Le “théorisme” : théoriser une réalité sans la vivre

Pourtant, j’ai pu trop souvent constater le paradoxe du manque de connaissances réelles des cadres de direction sur les conditions de travail du quotidien de leurs équipes. Venir saluer ses équipes de temps en temps et parler du beau temps, n’a rien à voir avec s’impliquer réellement dans leur quotidien pour constater les non-sens, les irritations qui minent l’ambiance, les difficultés récurrentes, et toutes les pénibilités vécues. Au delà du classique “rapport d’étonnements” des nouveaux arrivants, j’aimerais voir une entreprise qui fasse une relecture régulière des “rapports de pénibilités“. Plus faciles à remplir qu’une “boîte à idées” et probablement plus utiles !

Se targuer de connaître les conditions de travail de ses employé(e)s sans les vivre ou a minima les avoir vécus récemment c’est un peu comme croire en une réalité parallèle sans y être jamais allé : du “théorisme” à l’état pur. Au delà des journées “vis-ma-vie”, il faut prendre le temps de parler et de formaliser ce qui ne va pas. Quand on pense que dans la majorité des entreprises d’aujourd’hui, on ne prend même pas le temps de penser tellement on est absorbé par les tâches ! Loin des fuites en avant des positivistes effrénés, il faut prendre du temps pour ce qui ne va pas, ce qui coince, ce qui gêne, et donner du temps au temps pour le penser, le comprendre et enfin le résoudre de la meilleure manière possible.

Note à nous-mêmes qui lisons cet article : penser résoudre rapidement une pénibilité qui finalement n’est pas résolue -voire a empiré-, est encore pire que de ne rien faire d’un point de vue baisse de motivation 📉.

L’arbre qui cache la forêt 🌳

J’ai pu constater un autre paradoxe, tout aussi dramatique en terme de conséquences. Plus vous faites porter sur une fonction (audit ou contrôle interne) la responsabilité de trouver des défaillances majeures, plus le panorama des défaillances medium ou mineures s’élargit et s’enrichit au cours du temps.  Ce bon vieux principe d’arbre qui cache la forêt a encore de beaux jours devant lui dans nos entreprises !

Si certains récents collaborateurs peuvent finalement s’avérer être des “erreurs de casting” plus ou moins rapidement, d’autres présents depuis plus longtemps – disons minimum 2 ans -, font eux-mêmes partie de la culture d’entreprise. C’est-à-dire qu’ils ne font pas simplement qu’appartenir ou posséder cette culture d’entreprise, il la constitue, la façonne, l’incarne. Ils ressentent mieux que les nouveaux arrivants ce qui ne va pas mais ne le disent pas assez. D’autant plus si la parole n’est pas libre, si l’ambiance est guindée, ou même juste si le management a tendance à s’habituer à ce qui ne va pas ou à ne pas le considérer.

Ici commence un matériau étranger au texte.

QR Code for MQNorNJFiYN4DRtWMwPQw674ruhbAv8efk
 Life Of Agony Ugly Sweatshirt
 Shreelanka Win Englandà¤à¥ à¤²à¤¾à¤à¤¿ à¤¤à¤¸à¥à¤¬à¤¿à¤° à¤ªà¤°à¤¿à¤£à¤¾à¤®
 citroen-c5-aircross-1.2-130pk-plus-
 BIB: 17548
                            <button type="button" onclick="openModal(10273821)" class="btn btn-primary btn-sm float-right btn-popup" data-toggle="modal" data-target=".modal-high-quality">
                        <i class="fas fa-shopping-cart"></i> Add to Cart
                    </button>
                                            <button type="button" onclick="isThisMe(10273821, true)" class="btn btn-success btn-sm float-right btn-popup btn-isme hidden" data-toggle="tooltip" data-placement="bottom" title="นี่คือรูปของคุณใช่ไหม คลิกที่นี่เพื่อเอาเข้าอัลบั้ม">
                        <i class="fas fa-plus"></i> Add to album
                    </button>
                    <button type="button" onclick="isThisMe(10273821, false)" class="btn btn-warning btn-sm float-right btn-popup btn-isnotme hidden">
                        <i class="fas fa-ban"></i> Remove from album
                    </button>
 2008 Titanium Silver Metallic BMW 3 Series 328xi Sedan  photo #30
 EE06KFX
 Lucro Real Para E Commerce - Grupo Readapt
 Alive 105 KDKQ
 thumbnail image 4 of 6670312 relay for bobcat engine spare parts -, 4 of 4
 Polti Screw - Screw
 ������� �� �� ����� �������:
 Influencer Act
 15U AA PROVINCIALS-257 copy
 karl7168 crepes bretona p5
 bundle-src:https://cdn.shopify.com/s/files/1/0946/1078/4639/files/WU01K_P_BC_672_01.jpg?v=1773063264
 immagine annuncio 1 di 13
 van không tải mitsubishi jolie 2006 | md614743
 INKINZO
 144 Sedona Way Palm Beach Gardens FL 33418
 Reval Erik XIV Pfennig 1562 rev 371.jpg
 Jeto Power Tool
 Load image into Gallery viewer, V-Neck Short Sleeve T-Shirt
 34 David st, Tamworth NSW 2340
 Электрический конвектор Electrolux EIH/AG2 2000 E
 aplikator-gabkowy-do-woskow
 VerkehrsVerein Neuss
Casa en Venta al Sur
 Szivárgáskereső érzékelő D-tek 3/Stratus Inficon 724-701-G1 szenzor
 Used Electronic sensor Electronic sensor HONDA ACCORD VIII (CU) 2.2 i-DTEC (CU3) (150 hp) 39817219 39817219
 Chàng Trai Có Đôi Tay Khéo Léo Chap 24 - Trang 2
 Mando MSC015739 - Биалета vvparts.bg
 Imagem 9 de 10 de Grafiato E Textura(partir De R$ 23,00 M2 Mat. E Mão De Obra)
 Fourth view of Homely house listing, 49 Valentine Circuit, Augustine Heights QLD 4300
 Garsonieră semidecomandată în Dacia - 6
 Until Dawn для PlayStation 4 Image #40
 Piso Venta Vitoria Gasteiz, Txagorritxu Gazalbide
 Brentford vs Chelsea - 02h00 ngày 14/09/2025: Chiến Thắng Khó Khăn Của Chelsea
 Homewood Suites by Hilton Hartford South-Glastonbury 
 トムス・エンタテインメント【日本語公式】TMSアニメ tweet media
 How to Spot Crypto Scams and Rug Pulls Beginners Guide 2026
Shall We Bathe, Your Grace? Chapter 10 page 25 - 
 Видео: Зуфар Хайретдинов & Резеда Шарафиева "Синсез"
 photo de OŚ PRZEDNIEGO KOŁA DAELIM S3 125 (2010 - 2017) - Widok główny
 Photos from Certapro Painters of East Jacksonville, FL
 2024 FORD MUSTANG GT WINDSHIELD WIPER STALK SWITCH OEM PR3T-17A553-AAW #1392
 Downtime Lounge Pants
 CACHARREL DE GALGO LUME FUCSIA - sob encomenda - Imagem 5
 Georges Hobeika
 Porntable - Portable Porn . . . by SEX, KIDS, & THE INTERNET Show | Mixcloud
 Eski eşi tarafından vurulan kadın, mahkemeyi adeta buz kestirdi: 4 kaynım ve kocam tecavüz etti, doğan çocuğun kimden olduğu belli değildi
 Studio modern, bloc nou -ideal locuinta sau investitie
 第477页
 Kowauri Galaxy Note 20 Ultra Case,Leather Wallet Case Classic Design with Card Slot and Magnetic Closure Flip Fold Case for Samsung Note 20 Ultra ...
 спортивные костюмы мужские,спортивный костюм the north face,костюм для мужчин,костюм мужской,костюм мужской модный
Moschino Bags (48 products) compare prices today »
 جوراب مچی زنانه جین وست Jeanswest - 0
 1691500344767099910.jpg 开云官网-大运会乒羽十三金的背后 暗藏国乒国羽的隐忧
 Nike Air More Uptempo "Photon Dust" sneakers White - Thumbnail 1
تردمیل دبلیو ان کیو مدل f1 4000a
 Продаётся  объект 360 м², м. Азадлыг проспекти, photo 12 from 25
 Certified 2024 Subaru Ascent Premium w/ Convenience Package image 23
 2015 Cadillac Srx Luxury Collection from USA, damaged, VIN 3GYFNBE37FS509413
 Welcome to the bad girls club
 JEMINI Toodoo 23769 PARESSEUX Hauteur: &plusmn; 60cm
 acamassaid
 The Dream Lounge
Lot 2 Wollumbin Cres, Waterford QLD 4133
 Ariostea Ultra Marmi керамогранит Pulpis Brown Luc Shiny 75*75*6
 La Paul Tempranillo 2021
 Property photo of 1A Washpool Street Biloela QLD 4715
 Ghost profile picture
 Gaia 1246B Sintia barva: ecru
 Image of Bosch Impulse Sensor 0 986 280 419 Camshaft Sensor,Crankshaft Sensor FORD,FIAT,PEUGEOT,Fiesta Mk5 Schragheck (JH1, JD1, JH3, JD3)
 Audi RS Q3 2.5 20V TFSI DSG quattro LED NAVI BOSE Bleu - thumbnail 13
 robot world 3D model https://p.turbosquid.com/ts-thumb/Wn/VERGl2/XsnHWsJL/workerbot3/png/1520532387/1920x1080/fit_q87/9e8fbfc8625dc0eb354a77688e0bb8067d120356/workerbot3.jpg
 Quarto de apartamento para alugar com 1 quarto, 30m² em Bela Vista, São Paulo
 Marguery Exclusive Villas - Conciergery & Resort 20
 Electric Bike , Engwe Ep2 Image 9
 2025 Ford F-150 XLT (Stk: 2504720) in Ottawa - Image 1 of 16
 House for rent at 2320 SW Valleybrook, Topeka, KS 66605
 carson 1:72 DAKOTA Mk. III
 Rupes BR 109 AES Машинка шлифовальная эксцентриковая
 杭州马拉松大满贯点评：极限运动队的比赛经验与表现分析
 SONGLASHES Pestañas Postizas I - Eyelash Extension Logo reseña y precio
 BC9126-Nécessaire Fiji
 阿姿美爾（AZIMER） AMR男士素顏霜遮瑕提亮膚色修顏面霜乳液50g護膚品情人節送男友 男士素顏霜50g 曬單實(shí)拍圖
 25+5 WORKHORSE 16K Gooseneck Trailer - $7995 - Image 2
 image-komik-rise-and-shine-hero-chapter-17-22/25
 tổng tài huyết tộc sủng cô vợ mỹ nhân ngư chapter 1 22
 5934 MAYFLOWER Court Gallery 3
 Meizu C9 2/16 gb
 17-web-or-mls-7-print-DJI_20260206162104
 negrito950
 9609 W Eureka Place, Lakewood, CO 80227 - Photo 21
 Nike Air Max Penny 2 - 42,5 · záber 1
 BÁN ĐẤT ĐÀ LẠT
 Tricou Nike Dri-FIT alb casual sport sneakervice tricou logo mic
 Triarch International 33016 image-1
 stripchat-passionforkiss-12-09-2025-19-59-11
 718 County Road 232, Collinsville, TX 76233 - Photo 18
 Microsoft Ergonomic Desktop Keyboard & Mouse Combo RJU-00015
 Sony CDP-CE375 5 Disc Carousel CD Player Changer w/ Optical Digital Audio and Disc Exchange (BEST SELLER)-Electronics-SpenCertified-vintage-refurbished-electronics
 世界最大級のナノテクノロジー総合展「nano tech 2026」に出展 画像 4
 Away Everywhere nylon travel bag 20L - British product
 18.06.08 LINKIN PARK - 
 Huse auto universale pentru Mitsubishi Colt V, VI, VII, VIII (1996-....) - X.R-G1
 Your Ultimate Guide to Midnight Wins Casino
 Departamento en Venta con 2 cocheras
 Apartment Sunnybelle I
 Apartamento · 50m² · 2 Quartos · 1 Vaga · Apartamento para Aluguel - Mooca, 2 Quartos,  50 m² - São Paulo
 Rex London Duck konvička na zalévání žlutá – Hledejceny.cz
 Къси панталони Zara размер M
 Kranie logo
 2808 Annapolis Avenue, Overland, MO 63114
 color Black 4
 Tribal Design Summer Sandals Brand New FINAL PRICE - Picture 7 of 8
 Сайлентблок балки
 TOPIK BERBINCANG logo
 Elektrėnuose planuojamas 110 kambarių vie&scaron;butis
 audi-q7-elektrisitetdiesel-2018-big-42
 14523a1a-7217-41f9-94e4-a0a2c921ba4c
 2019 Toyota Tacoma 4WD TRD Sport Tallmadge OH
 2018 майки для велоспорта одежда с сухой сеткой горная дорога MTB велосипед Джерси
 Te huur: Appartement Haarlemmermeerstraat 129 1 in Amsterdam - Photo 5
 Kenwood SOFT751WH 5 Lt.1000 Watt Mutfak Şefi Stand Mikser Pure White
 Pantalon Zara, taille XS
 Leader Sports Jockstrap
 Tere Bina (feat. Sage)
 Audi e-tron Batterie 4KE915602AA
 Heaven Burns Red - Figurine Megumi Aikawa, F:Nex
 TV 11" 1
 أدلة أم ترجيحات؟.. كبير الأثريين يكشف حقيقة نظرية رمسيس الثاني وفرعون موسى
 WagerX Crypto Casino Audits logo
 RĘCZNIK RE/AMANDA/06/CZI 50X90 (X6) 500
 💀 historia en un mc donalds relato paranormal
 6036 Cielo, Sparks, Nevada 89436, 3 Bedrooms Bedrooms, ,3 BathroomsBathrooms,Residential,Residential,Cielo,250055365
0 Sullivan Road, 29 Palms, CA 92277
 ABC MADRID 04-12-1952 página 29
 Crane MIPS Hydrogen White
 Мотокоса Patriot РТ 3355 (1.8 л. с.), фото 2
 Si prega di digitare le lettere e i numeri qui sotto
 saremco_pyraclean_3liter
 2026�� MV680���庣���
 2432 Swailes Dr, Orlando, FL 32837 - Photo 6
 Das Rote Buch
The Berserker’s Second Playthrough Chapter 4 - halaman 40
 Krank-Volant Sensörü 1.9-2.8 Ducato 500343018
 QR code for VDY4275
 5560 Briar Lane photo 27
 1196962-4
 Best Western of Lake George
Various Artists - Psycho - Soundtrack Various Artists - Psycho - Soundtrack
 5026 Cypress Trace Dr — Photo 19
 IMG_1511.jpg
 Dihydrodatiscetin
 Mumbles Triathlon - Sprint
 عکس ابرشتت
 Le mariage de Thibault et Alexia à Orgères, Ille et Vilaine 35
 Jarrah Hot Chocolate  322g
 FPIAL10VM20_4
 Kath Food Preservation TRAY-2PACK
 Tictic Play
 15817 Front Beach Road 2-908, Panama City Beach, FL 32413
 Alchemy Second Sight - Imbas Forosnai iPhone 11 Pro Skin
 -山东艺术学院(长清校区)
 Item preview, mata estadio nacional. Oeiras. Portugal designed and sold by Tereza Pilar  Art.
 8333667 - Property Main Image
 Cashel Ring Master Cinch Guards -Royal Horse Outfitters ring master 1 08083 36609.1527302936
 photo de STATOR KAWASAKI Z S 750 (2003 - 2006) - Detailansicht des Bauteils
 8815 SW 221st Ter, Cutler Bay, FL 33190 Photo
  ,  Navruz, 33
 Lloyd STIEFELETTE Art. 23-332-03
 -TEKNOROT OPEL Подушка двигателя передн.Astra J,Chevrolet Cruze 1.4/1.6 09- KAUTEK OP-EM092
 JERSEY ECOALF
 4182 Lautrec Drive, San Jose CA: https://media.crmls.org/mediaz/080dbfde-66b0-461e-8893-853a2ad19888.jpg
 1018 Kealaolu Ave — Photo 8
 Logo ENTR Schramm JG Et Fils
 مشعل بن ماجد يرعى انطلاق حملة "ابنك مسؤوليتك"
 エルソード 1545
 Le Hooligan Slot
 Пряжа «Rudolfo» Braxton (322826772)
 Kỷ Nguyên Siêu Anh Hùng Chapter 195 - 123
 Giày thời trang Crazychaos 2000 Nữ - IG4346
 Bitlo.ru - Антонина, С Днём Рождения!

Aux petits maux, les bons remèdes

J’appelle de tous mes meilleurs vœux – plus utiles et concrets que ceux du changement d’année – les dirigeant(e)s d’entreprises, les cadres supérieurs à être parfaitement intransigeants avec les pénibilités vécues de leurs collaborateurs(rices). Dans un même esprit, j’appelle également de tous mes meilleurs vœux les équipes opérationnelles à constater pragmatiquement ces pénibilités, à les communiquer et les verbaliser (dans les deux sens du terme, trouver les bons mots et mettre à l’amende la pénibilité pour l’empêcher de se poursuivre).

Pour conclure, ce que j’aime dans mon métier, c’est trouver les meilleures solutions à des problèmes souvent complexes, toujours uniques, et rarement plaisants. Pour chaque problème, trouver une solution est une banalité; trouver la meilleure solution est un art mais jamais un luxe. Pour trouver la meilleure solution, je ne connais pas de meilleures méthodes que d’être constamment à l’écoute. Prendre du temps pour pointer, analyser, discuter vos problèmes et pénibilités d’entreprise avant de passer à leur résolution n’est pas un luxe, c’est une nécessité vertueuse et bienfaitrice.